DINWIDDIE COUNTY, Va. (WIRC) — The Dinwiddie County Board of Supervisors announced its Hometown Heroes for 2021.
This year’s honorees are Carolyn Smith and John Bonner.
“I applaud this year’s honorees and appreciate what they have done for the Dinwiddie community,” said Brenda Ebron-Bonner, Chairman of the Board of Supervisors. “Mr. Bonner has been a strong
advocate for Blank farmers and Mrs. Smith was the first African-American female Deputy in Dinwiddie County’s history. These two individuals have paved the way for future generations and we are all thankful for their contributions.”
The County said Hometown Hero’s was starting in 2015 as a way to recognize Black History Month. In order to qualify, community selected nominees must be natives of or currently live in Dinwiddie.
The announcement said Smith, a native to the county, was nominated for her “contributions to the community through law enforcement.” Her career in law enforcement began when she became a dispatcher for the county in 1982.
Three years into the job, the county said Sheriff Bennie Health promoted her to Deputy Sheriff, believing she could make a difference on the road. This made Smith the first female deputy and the first African-American female deputy in Dinwiddie County’s History.
During her time as a road Deputy, the announcement said she became interested in civil process division and moved into it. After extensive coursework and training, the county said in 2000, Smith became a Master Deputy in 2000, and then Sargent of the Civil Process Division in 2008.

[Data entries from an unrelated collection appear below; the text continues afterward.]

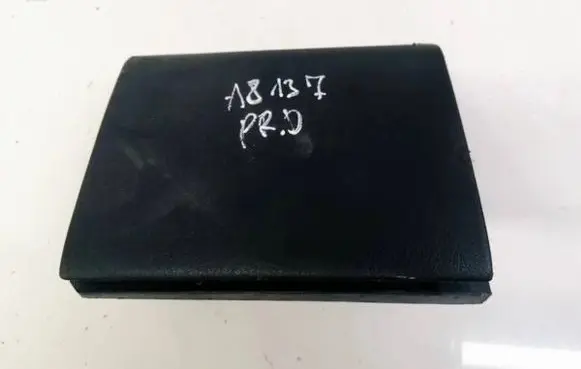 Audi A6 S6 C5 4B Glove box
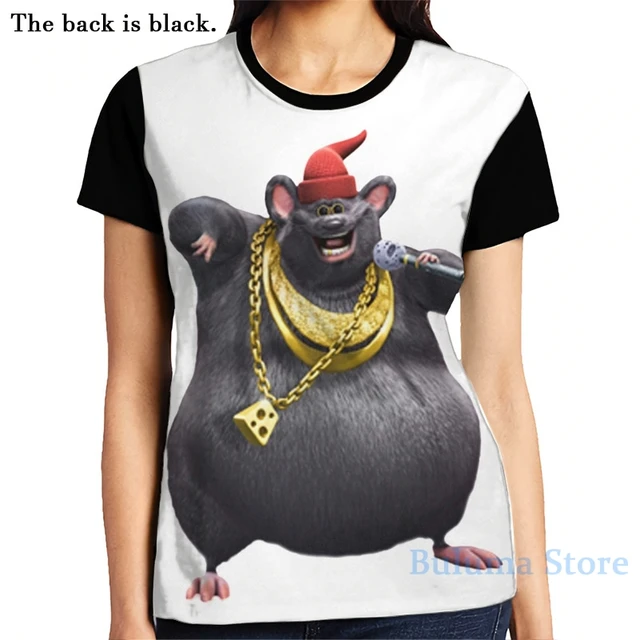 Biggie Cheese Cursed T-shirt para Homens e Mulheres, Imagem Amaldiçoada,  Peludo, Peludo, Queijo, Barnyard, Cringe, Crianças, 6XL - AliExpress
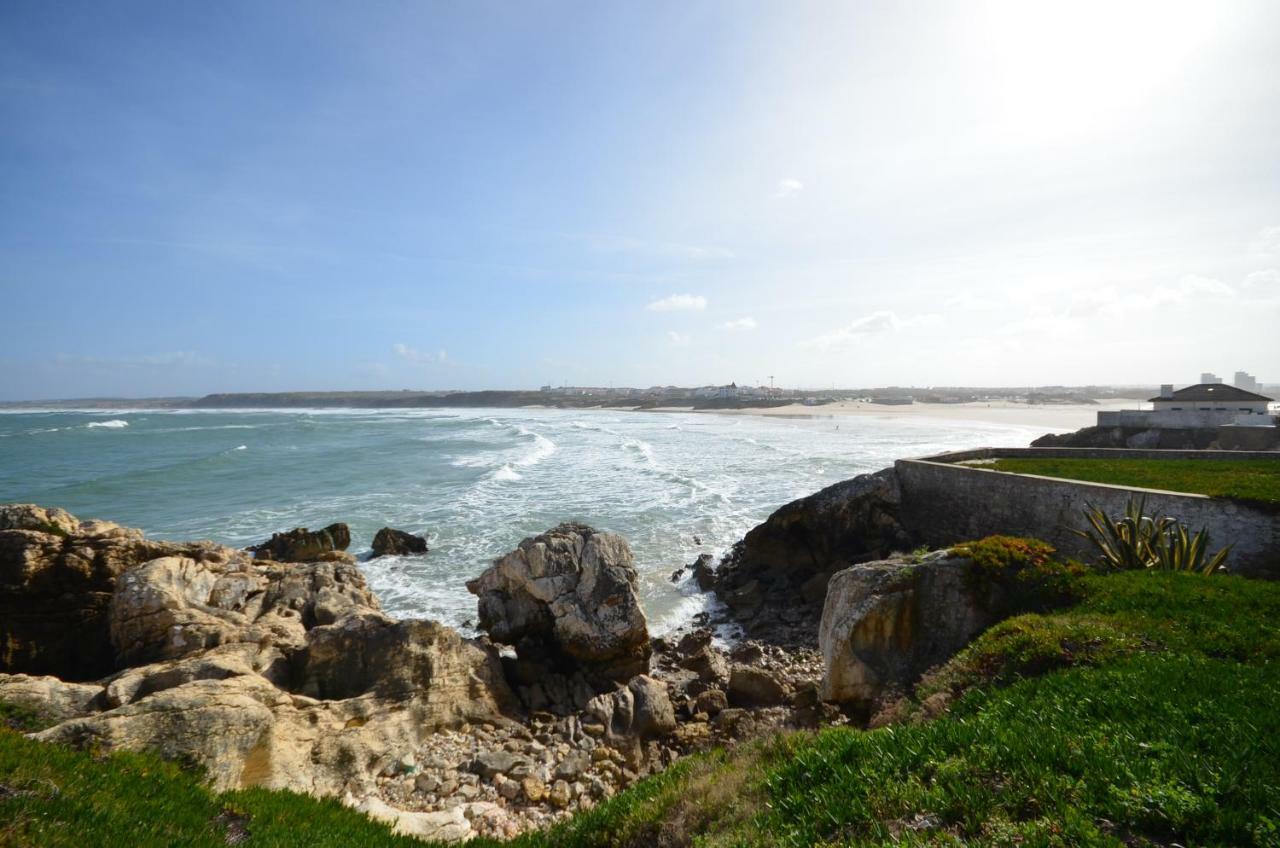 Sea And Horizon Views * Areia Branca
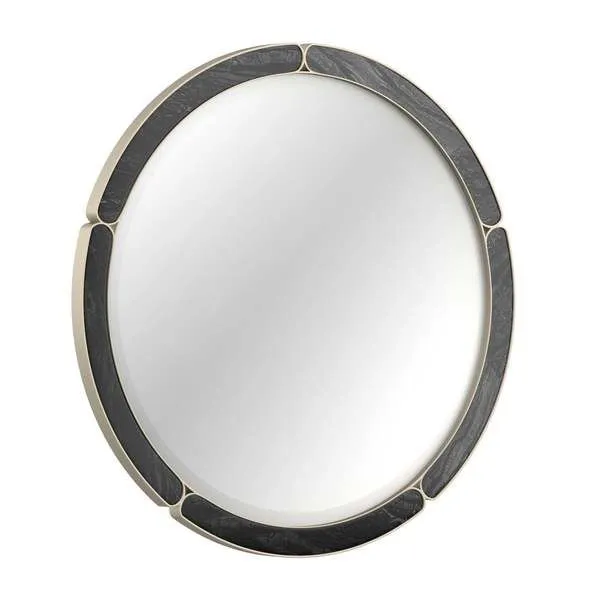 Product Image 1 for Cabochon Mirror from Caracole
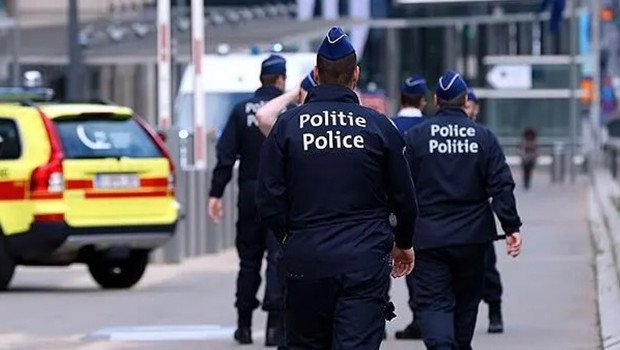 Belçika’da narkotik ile mücadele: ‘Ulusal acil durum’ boyutuna ulaştı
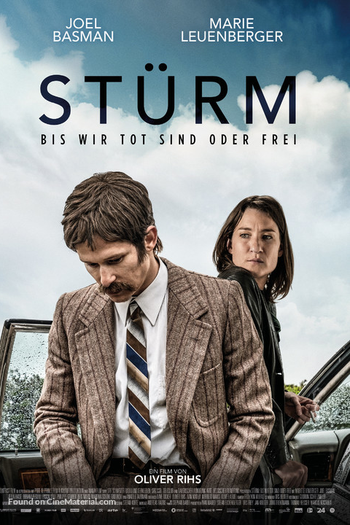  de Filme Bis wir tot sind oder frei (2021)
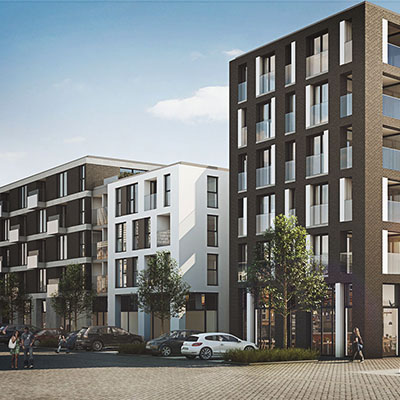 LOK.WEST ESSLINGEN
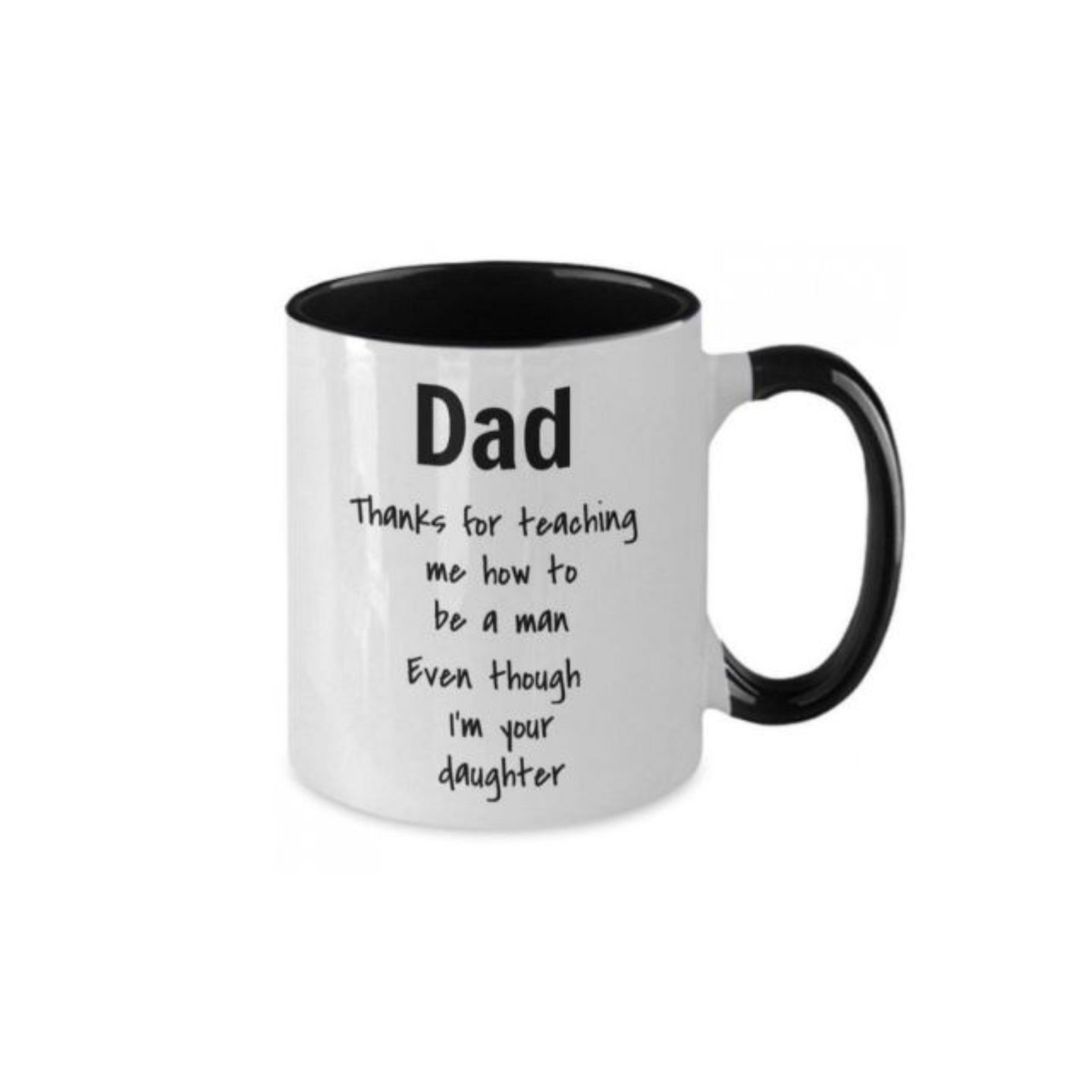 Thanks For Teaching Me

“Carolyn’s passion to serve, her tireless work and compassion for the community never wavered,” Said Sheriff D.T. “Duck” Adams who worked with Smith as a Lieutenant. “She helped pave the way for others to achieve opportunities in law enforcement and provide our great County with top law enforcement service. We salute her and have eternal gratitude for her service to the citizens of Dinwiddie County.”

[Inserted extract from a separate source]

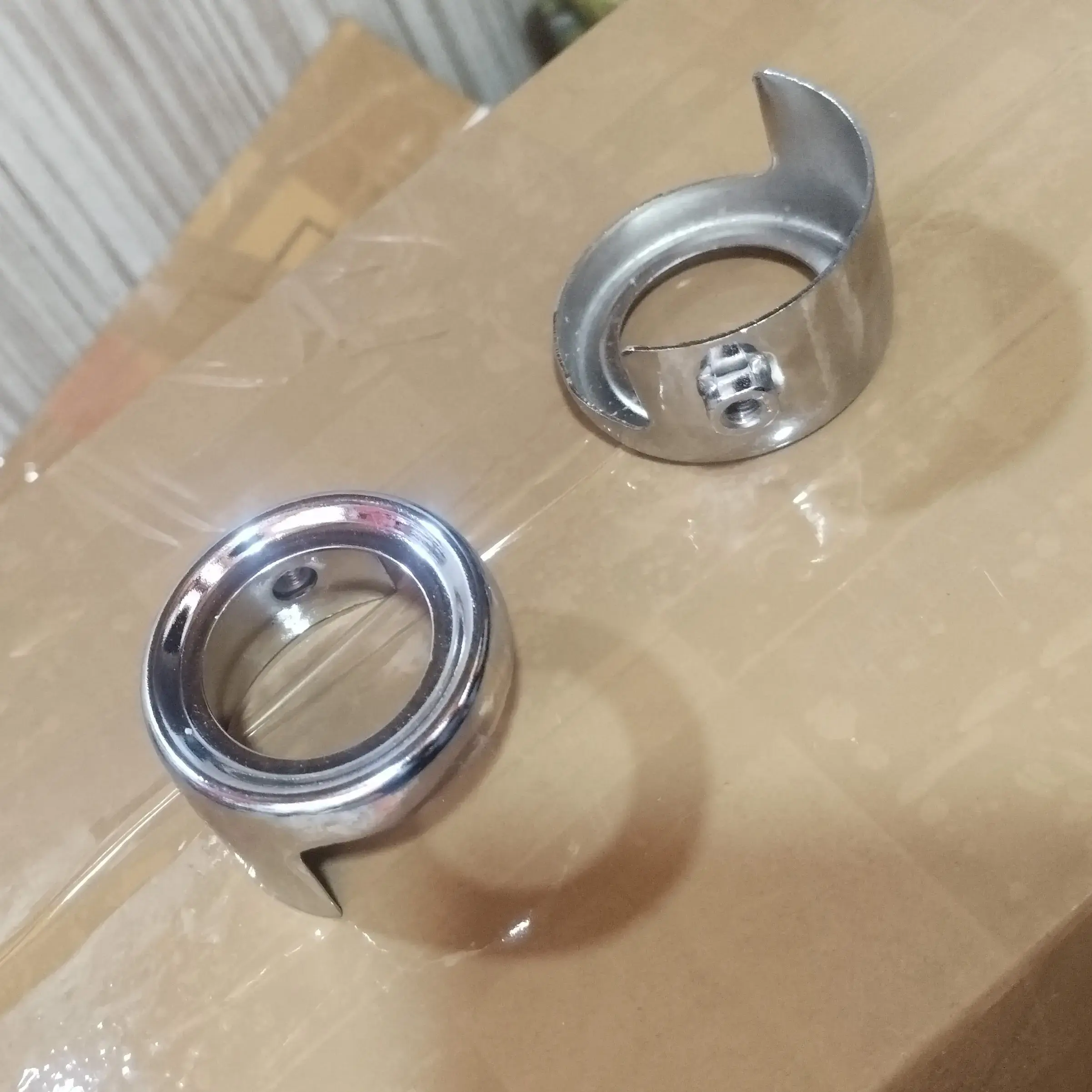 Yamaha Front Fork Upper Cap Rx100/135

Bonner, a lifelong resident of Dinwiddie, was nominated for his contributions to the community through agriculture. He was raised on a farm and his family grew tobacco, peanuts and soybeans.
The county said Bonner has worked a variety of roles, including serving in the Army and Army Reserves for 26 years, working as a federal employee for another 26 years, — working security at Fort Pickett, and as an Ammunition Technician at Fort Lee. However, the county said farming was always in the background.

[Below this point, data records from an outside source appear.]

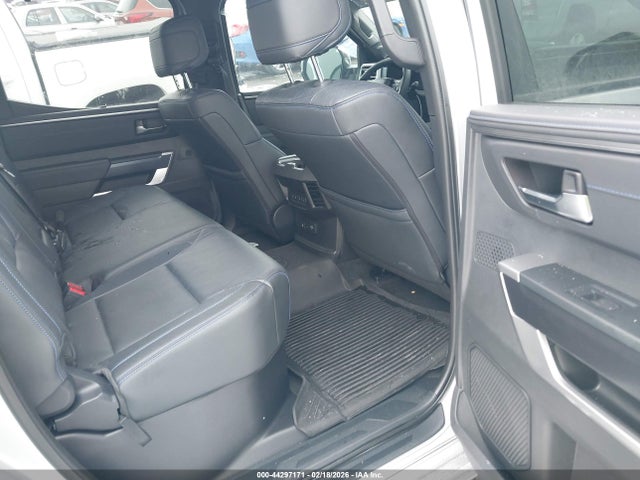 5TFNA5DB4SX288675 Toyota Tundra Platinum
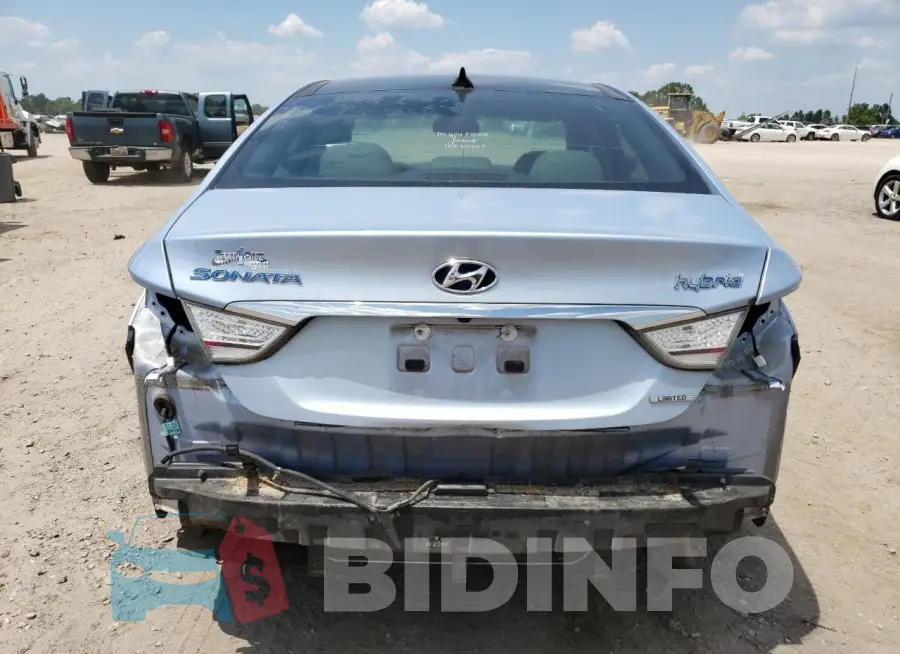 KMHEC4A45FA126617 Photo# 6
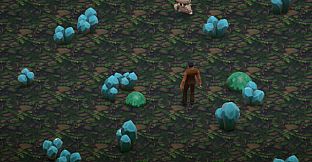 Valiant Worlds: Adventure of Falken - Crystal Swamp Map Expansion Pack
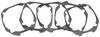 Hazet 9012TT-08/5 9012TT-08/5 Dichtung 1 St.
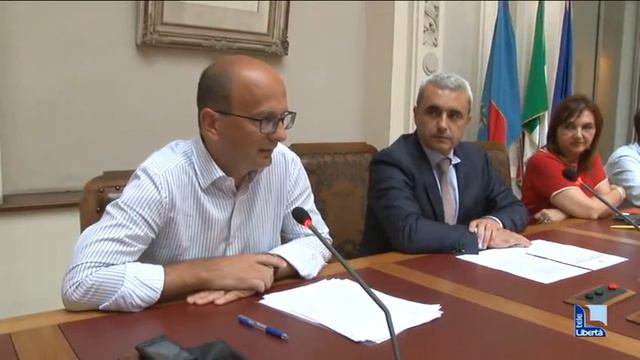 Blocco ai lavori antisismici nelle scuole, la Provincia scrive al ministro Bussetti смотреть онлайн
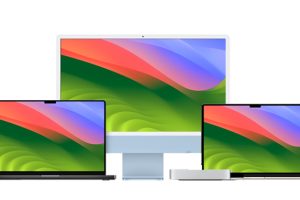 iMacs, MacBook Pros, and Smaller Mac Mini Set for M4 Refresh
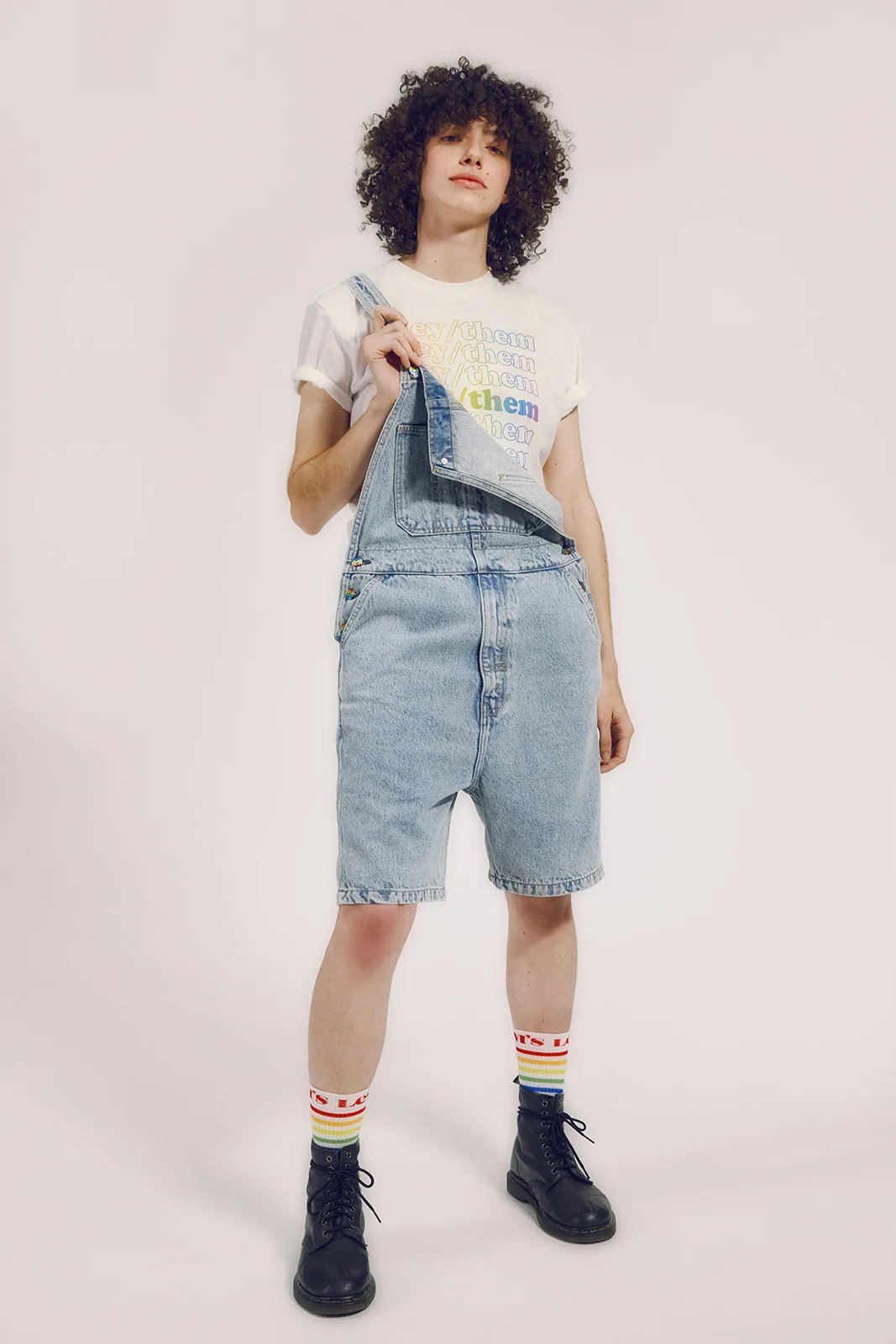 Levis Pride 2021 Metalmagazine 13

“As hard as I tried to get away from farming, it must have been in my blood, because I always came back home to farm,” Bonner said. “For as long as I can remember, my family has raised hogs.”
The announcement said Bonner has been a lifelong advocate of farming and is especially passionate about the plight of Black farmers. His father and brother worked closely with the Founder and President of the National Black Farmers Association, a group that fights for justice and equity for Black farmers.
Bonner is committed to inspiring young people to pursue a career in agriculture by presenting workshops on farming. He also is hoping to modernize his family’s farm by incorporating greenhouse technology.